"We kind of thought it would be a five-year plan," Eric Goodman said.
Then came the evening he was online and found a former bed-and-breakfast for sale in York City. The Goodmans drove from their home near Baltimore to see it the next day and became the new owners of the Smyser-Bair house in December.
The house at 30 S. Beaver St. had been vacant a year before the Goodmans bought it, so they have had to spend a few months on cleaning and minor repairs.
But now that the house is looking better, they are getting ready to open the Historic York Inn and its nine bedrooms to short-term renters and overnight guests.
170-year history: The house was built in the 1830s and was owned for much of its history by Dr. Henry Smyser and his family, Eric Goodman said. A former gaslight in an upper bedroom hints at the building's history, and a downstairs room once served as Smyser's operating room.
Then there is the parlor, a soaring room with sky-blue walls, flowing
drapes over the windows and hand-carved mirrors leafed in gold Smyser brought back from his Gold Rush adventures, Eric said.
The parlor could be the perfect venue for receptions, and the Goodmans said they might hold one after a children's book they wrote gets published this summer. Nataliya said she dreams of someday turning other parts of the building into a tea-room or other unique attraction, though they need to get the bed-and-breakfast running first.
"It's a lot of work here, but it's fun," Nataliya said.
A trend? The Goodmans' plans come as good news to the city's economic development office, where officials have long said a bed-and-breakfast would contribute to the city's tourism offerings. Now several are under development, said marketing and economic development coordinator Kevin Schreiber.
"It's an outstanding thing for the city," Schreiber said.
Eric Goodman said the building's $250,000 price tag was perhaps an eighth of what a similar house would cost in the Baltimore area. And he and Nataliya are happy to be so close to the heart of the city, within walking distance of Sovereign Bank Stadium and the Strand-Capitol Performing Arts Center.
"It really seems to be an area on the rise," Eric Goodman said.

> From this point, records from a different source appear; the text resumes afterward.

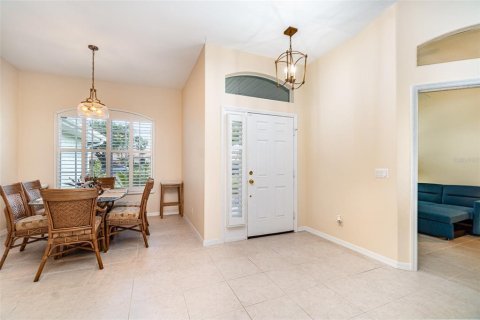 House in North Port, Florida 3 bedrooms, 184.13 sq.m. № 1769667 - photo 5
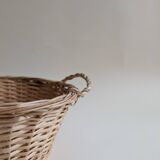 Round wicker basket in light wood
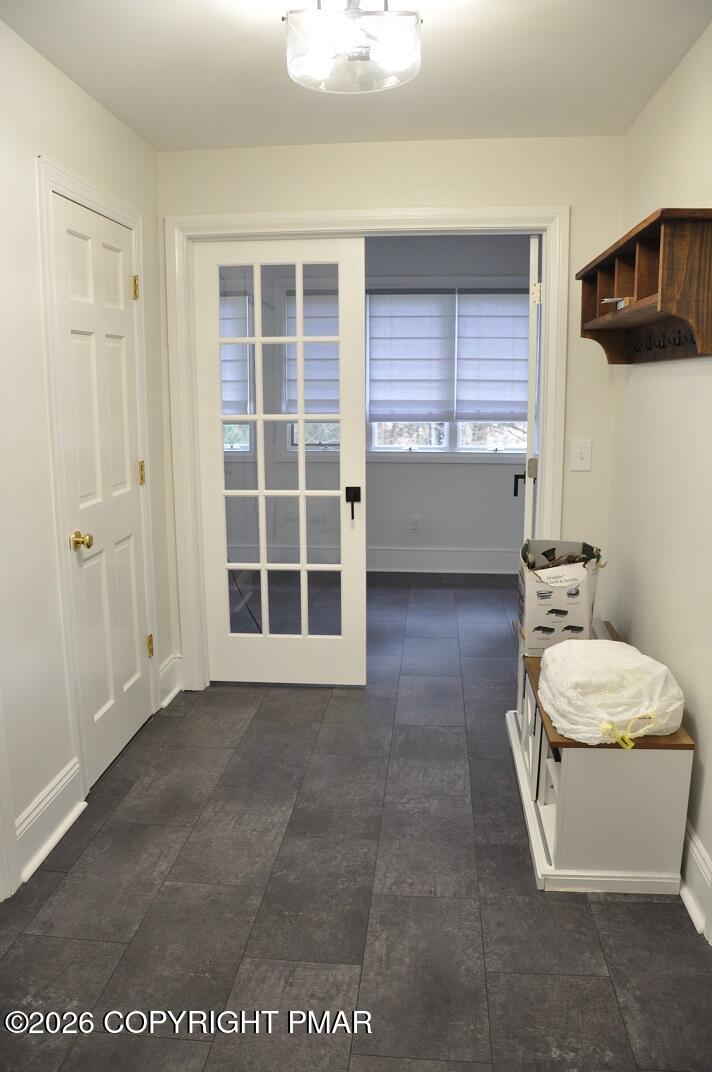 1642 Kunkletown Road Saylorsburg, PA 18353 - Photo 14 of 27 Main floor entry hallway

Trying something new: Both of the Goodmans are new to the York area. Nataliya grew up in Nizhny Novgorod, one of Russia's major industrial centers, and met Eric while he was there as an exchange student. The two married and have settled in Towson, Md., with their two children.
Neither has experience in anything quite like this. Eric writes press releases for a living and fiction on the side. Nataliya teaches math and physics at a private school in Maryland and paints with watercolors.
So far, she and Eric have been washing walls and waxing floors in their free time, but she will take the coming school year off from teaching to try to get the bed-and-breakfast off the ground.
The two were never the kind of people to jump happily into home repairs, Eric said, but they are suddenly enjoying their work in the new house, where cleaning also turns up 90-year-old Sunday school books and wall inscriptions dating back more than a century.
"Sometimes we just stop and look around and think, 'Wow, this is our house,'" Eric said.